Özelikle kanser (Reiche, Nunes ve Morimoto, 2004; Garssen ve Godkin, 1999; Barbara L. 1999.) ve depresyon (Yapko, 1997, 2011) hastalarıyla yapılan çalışmalar ve incelemeler bağışıklık sistemi üzerindeki psikolojik faktörlerin etkilerine ışık tutmaktadır. Çalışmalar bir taraftan olumsuz psikolojik nedenleri araştırırken bir yandan da olumlu olabilecek nedenler üzerinde çalışmalar yapmaktadır.
1- Sevgisizlik
Yeni doğan çocuklarda görülen en yüksek ölüm oralarının anne ya da anne figürüne sahip olmayan bebeklerde olduğunun fark edilmesi gözleri psikolojik faktörlerin üzerine yoğunlaştırdı. Yaşamın ilk yıllarında yeterince anne ya da anne figürü sevgisini görmeyen çocukların bağışıklık sistemleri zayıftır.
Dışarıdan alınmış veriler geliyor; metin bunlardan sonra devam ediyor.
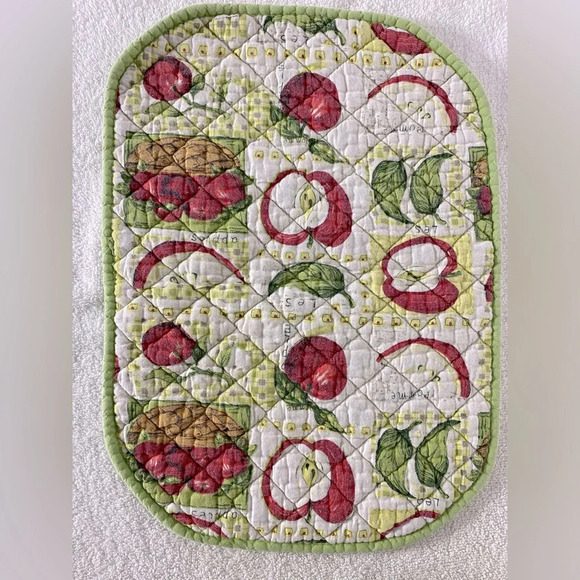 Vintage Quilted Apple Print Green Cream Red Placemats x5 - Picture 12 of 15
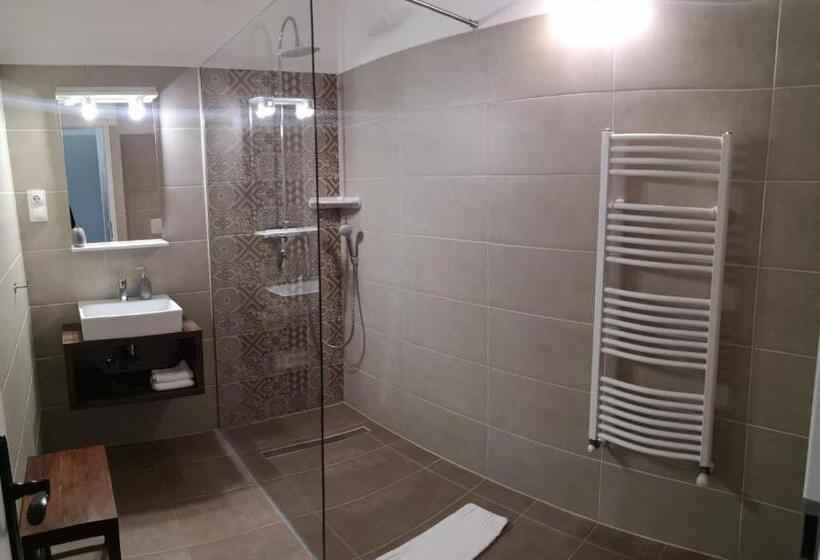 اتاق خانوادگی, Varga Villa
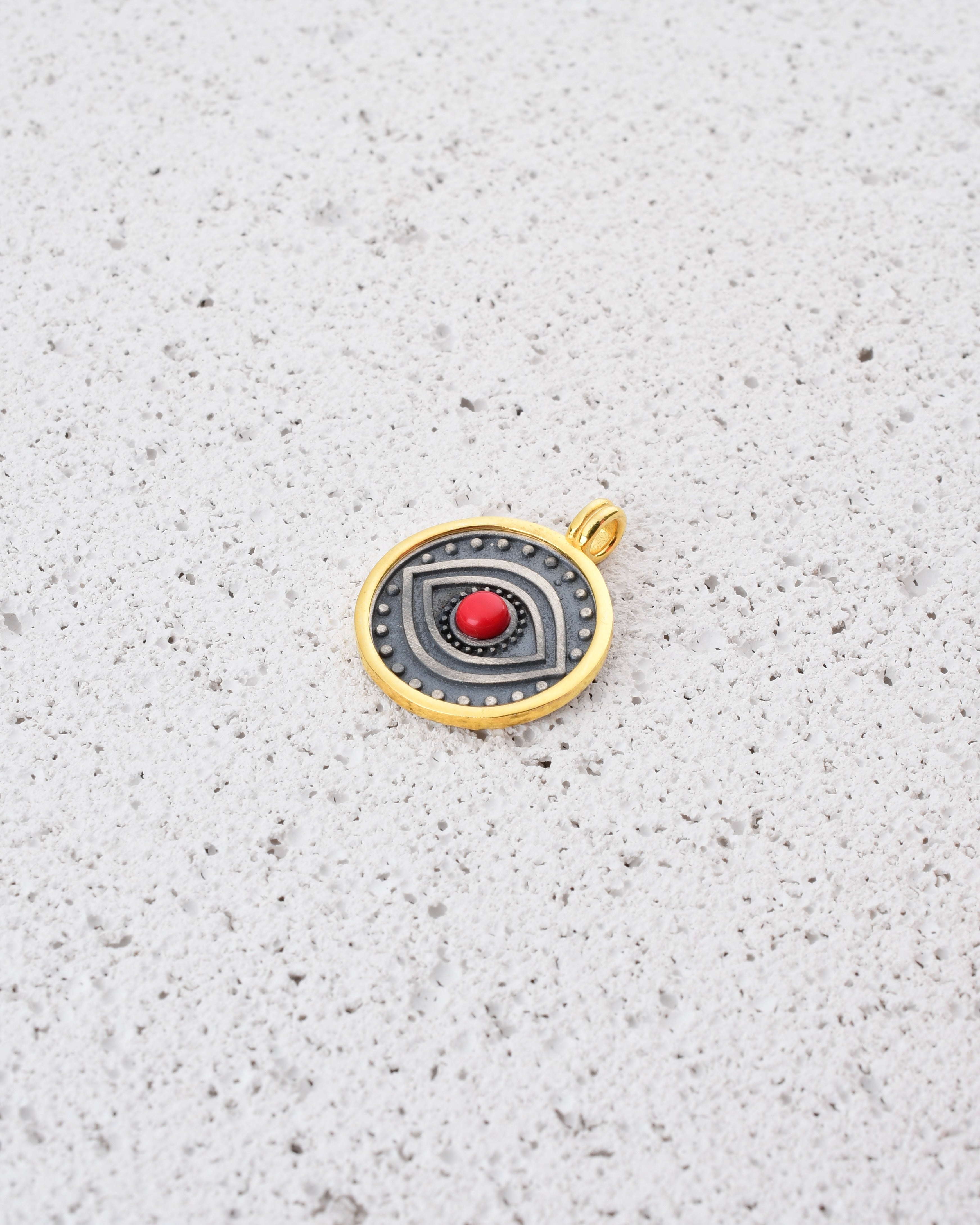 HORUS GOLD RED KOLYE UCU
Kanserli ve depresyon hastalarında da benzer bir faktör bulunmuş; sevgisizlik. Aile bireyleri, eşi, arkadaşları tarafından sevilmeyen ya da sevilmediğini hisseden kişiler en önemli risk grubunu oluşturuyor. İlginçtir ki sevildiği halde sevilmediğine inanan kişilerde de aynı sonuçlar elde ediliyor. Sevilmeyen ya da sevilmediğine inanan kişiler kendilerini sosyal ilişkilerden izole ediyorlar ve gittikçe yalnızlaşıyorlar.
2- Kontrolcülük
Bağışıklık açısında risk grubunda olan bir diğer grup ise kontrolcü kişilik özelliğine sahip bireyler. Psikolojide en sık görülen vaka ise obsesif kompulsif bozukluk. Kontrolcü olma, hemen her şeyi kontrol etmeye çalışma başarılı olma üzerinde kesinlikle olumlu bir etkisi yaratsa da hatırı sayılı bir strese de neden oluyor. Aynı zamanda aşırı müdahaleci, takıntılı ve mükemmeliyetçi olan bu kişilerin hataya, eksikliğe, kusura tahammül edemiyorlar. Yaşamın getirdiği bazı olumsuzlukları kabullenebilme, esnek olabilme, affedebilmede dolayısıyla mutlu ve huzurlu olmada oldukça zorlanıyorlar.
3- Haksızlığa Uğrama
Haksızlığa uğrama da çok önemli bir stres kaynağı, hele de bu haksızlık yakın kişilerden geliyorsa. Haksızlığa uğrayan, bunun karşılığında hukuki, maddi vs. elinden bir şey gelmeyen insanları bu duygu içten içe kemiriyor. Haksızlığa uğrayan insanlar yaşadıkları olayları yıllarca bazen de hayatı boyunca sürekli zihinlerinde tekrar ederler. O anıların zihinde her tekrar edilişi kişinin bağışıklık sistemini zayıflatıyor.
4- Hedefsizlik
Hedefsizlik demek yaşlanmak demektir, yaşamla ilgili bir hedefi olmayan kişi yaşı ne olursa olsun yaşlanmış demektir. Yaşamla ilgili yeni hedefleri planları olmayan kişilerin bağışıklık sistemi artık eskisi gibi antikor üretmemeye başlıyor.
5- Değersizlik
Ve diğer önemli faktör ise değersizlik. Değersizlik duygusu/düşüncesi tüm bu anlatılan olumsuz psikolojik faktörlerin hem nedeni hem sonucu gibi bir işlev görüyor. Aile içinde, sosyal çevrede ya da iş ortamında yeterince değer bulmayan kişilerin benlik saygısı ve özgüveni de düşük oluyor. Bu durum kişinin benliğini, işini, ilişkilerini, yediklerini neredeyse hayatın tüm yönünü olumsuz etkiliyor. Zararlı yiyecek ve içecekler tüketme, toksik arkadaş ortamına girme, korunmasız cinsel yaşam, iş yaşamında düşük performans düzeyi gibi birçok nedenin altında maalesef değersizlik hisleri yatıyor. Bu hislerle yapılan kötü seçimlerin sonucu artan değersizlik olarak dönüyor. Bu kısır döngü bağışıklık sistemini her açıdan tehdit ediyor.